- Exercise instructions
Please copy, exactly and with no pictures, only the lines from the one containing "BSBUY Chapeau de" through the last line of the records.
Segment Start: Supplied information
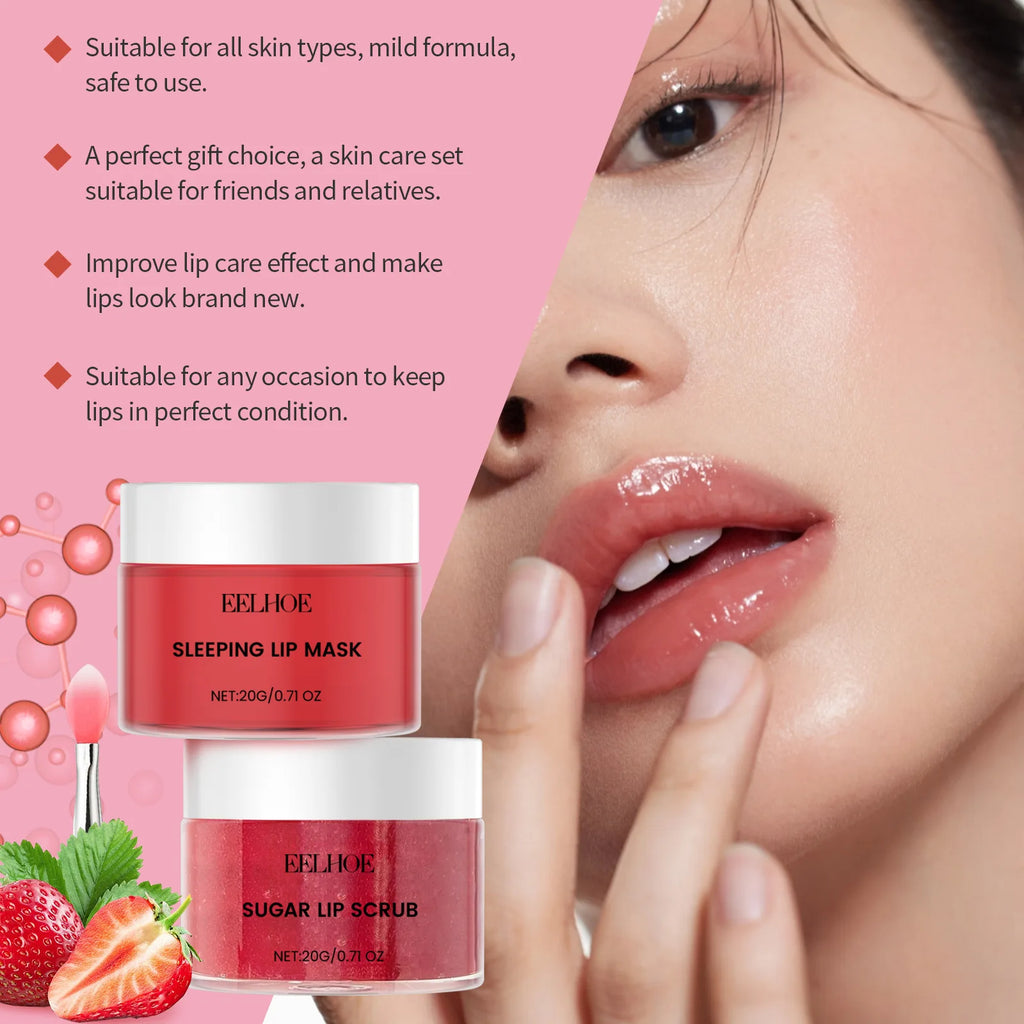 Vitamin C Overnight Lip Care Set Exfoliating Remove Dead Skin Lighten Dark Lips Nourishing Anti Chapped Lips Scrub Sleeping Mask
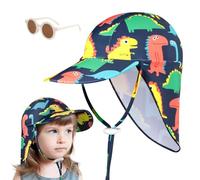 BSBUY Chapeau de Soleil pour Enfants et Bébé, 2Pcs Casquette Protège Nuque Enfant avec Jugulaire, Chapeaux de Cou Protection Anti UV pour Fille Garçon, Bonnet de Plage d'été Respirant pour Enfants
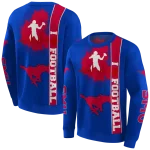 smu mustangs football heartbeat blue hoodie best selling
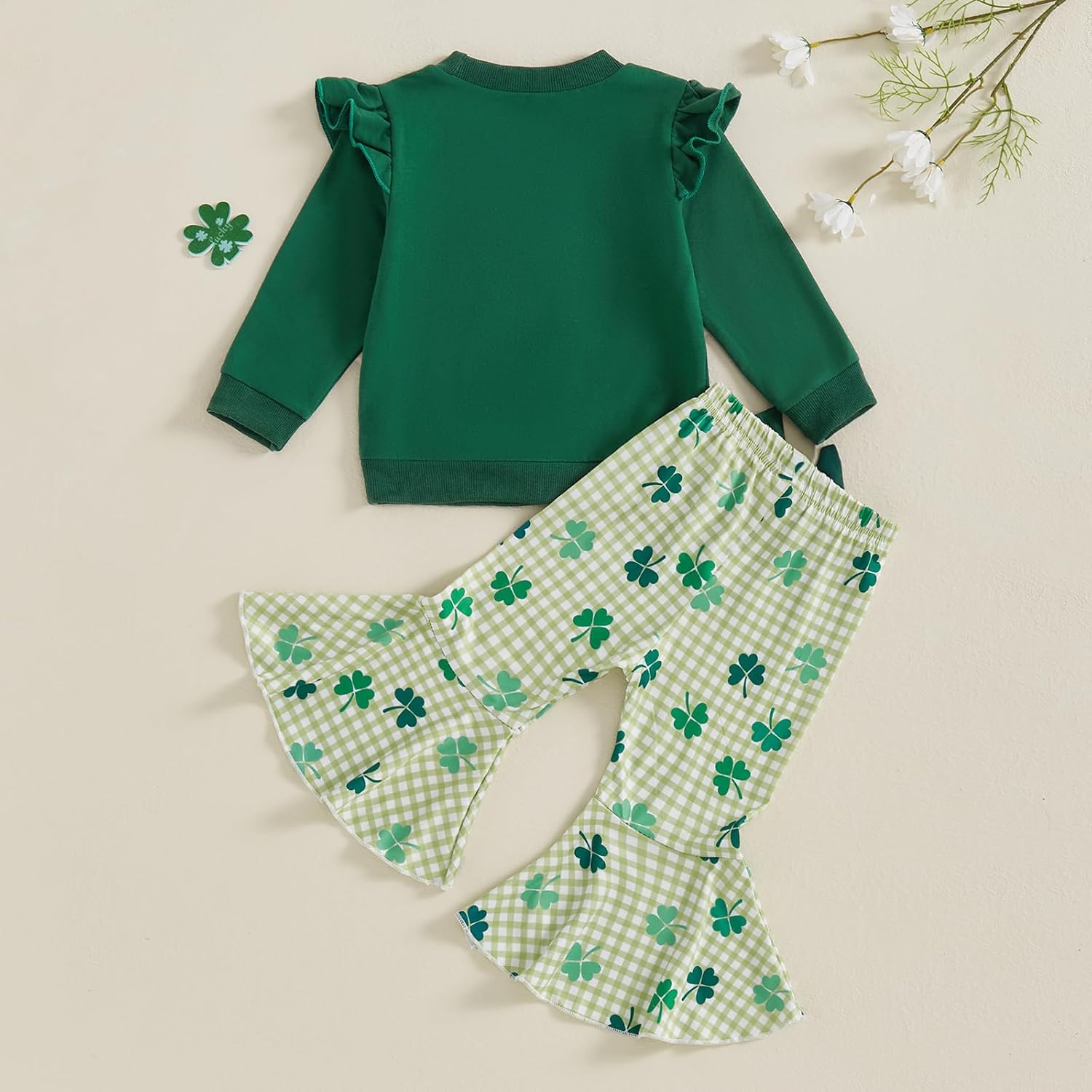 Toddler Baby Girl St Patricks Day Outfit Letter Clover Long Sleeve Sweatshirt Bell Bottom Pants Irish Clothes
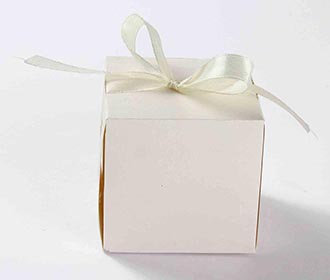 Indian Wedding Party Favor Box in Ivory with the Ribbons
Segment End: Supplied information
- Expected answer
 BSBUY Chapeau de Soleil pour Enfants et Bébé, 2Pcs Casquette Protège Nuque Enfant avec Jugulaire, Chapeaux de Cou Protection Anti UV pour Fille Garçon, Bonnet de Plage d'été Respirant pour Enfants
 smu mustangs football heartbeat blue hoodie best selling
 Toddler Baby Girl St Patricks Day Outfit Letter Clover Long Sleeve Sweatshirt Bell Bottom Pants Irish Clothes
 Indian Wedding Party Favor Box in Ivory with the Ribbons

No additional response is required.